What was I to say to that? It was a tragedy that in having served his country so well, Mr. Jefferson’s own daughter did not
know him. And I was momentarily struck with a pang for my own boys. They were old enough to know us, but would they grow up
feeling themselves to have been similarly abandoned?
Thankfully, just then, I heard Nabby in the entryway. “What in the world is all that wailing?”
I hustled out of my chair with very little decorum to greet her and my grandson. “Oh, Nabby, I’m so glad you happened by! It may help little Miss Jefferson to see another young person.”

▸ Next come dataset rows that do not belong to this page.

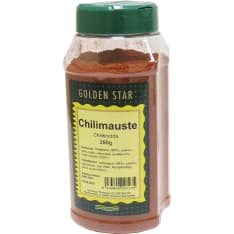 Golden Star 350 g chili sauce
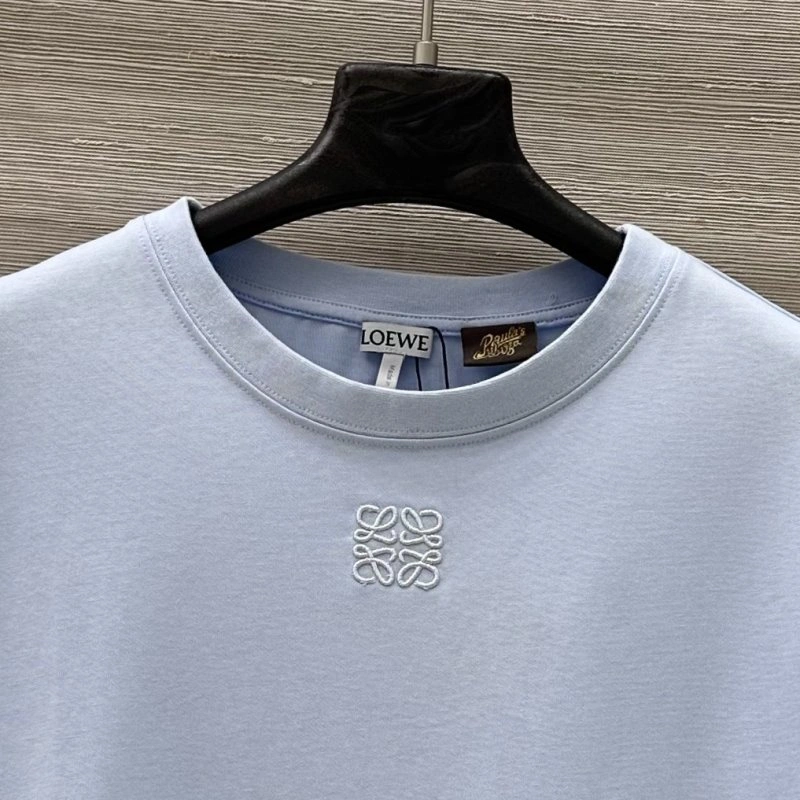 SoftTouch Unclassified Brand T-Shirts 150328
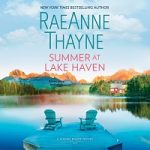 Summer at Lake Haven by RaeAnne Thayne
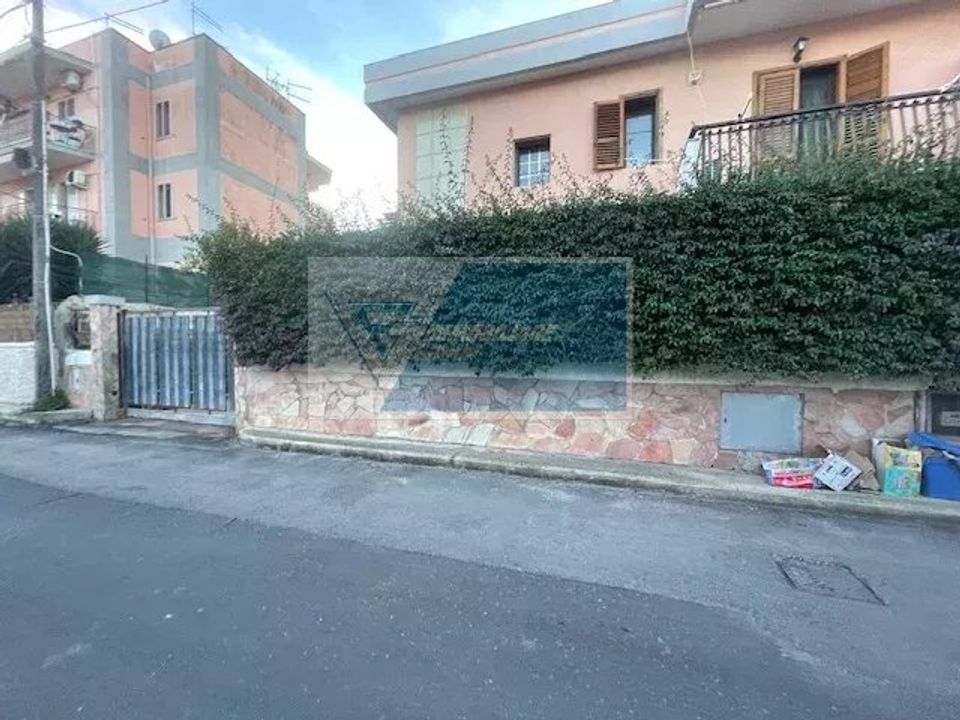 Villa i Siracusa, Siracusa - foto 3
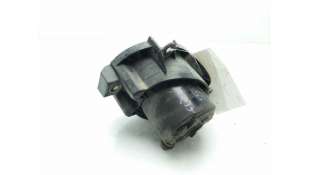 FARO ANTINIEBLA DERECHO TOYOTA RAV 4 III (2006-2012) 2.2 D 4WD (ALA30) 136CV 2231CC - L.8057084 / 812100D040 2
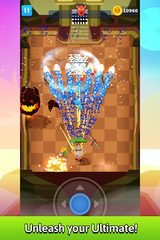 Screenshot 22: Bullet Knight: Dungeon Shooter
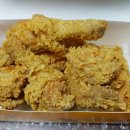 창신마루 이미지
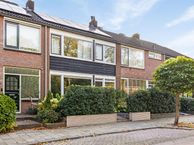 Bernhardlaan 27, 3481 CA Harmelen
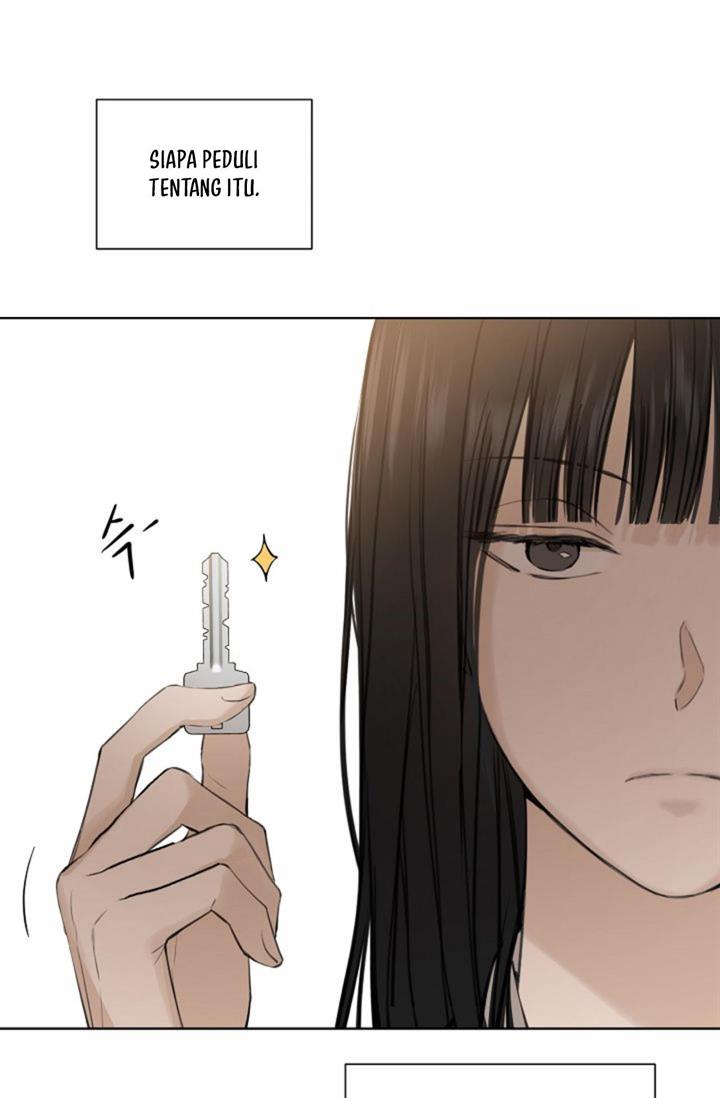 image-komik-just-twilight-chapter-1-73/97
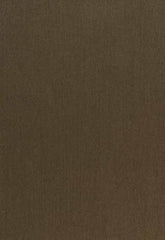 FSchumacher Fabric 50888 Vionnet Satin Walnut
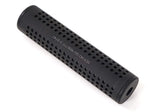 G&G O.T.S. Threaded Suppressor (14mm CCW) - DSC03727
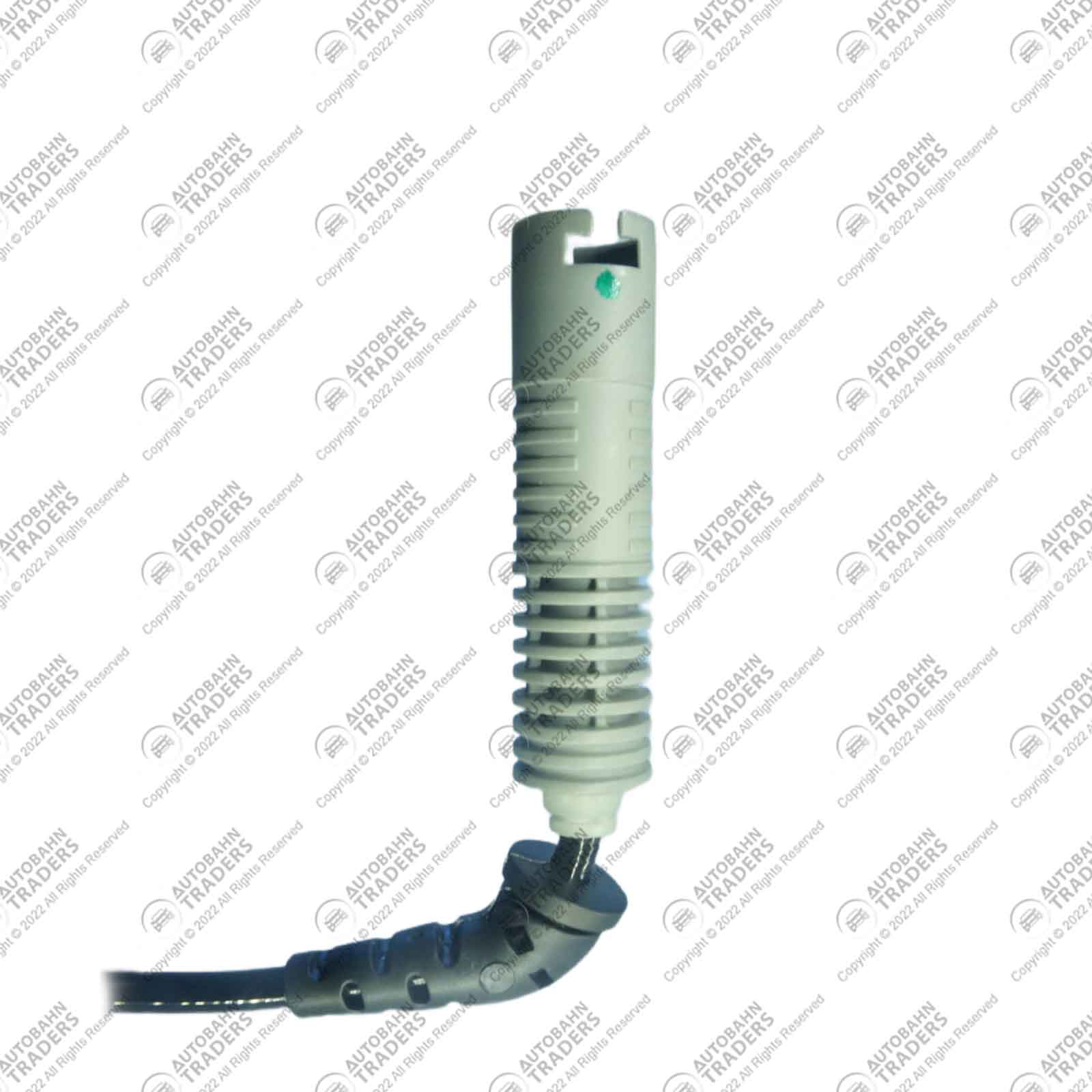 Rear ABS Sensor - Image 5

“I’m hardly a young person anymore,” Nabby said, smiling down at her baby. “Unless you mean your grandson. But surely that’s
not Miss Jefferson crying in your parlor?”
“I’m afraid so. Come help me reconcile her to making new friends.”
Nabby surrendered my grandson to a servant and joined me in the parlor, where the younger Miss Jefferson continued to wail.
“More strangers!”
“No, no, Miss Polly,” I insisted. “This is my daughter, and we’re family friends. Your father was our guest here in this very
house not long ago.”
“We have a portrait to prove it,” Nabby said, by way of sudden inspiration. “Your papa posed for it when last he visited.”
We took her to see the portrait and I asked, “Would we have Mr. Jefferson’s likeness in our home if we weren’t the best of
friends?”
Alas, the painting didn’t comfort Polly, who stared forlornly. “I don’t know who that is.”
“I recognize him,” Sally said, helpfully, but without any identifiable emotion.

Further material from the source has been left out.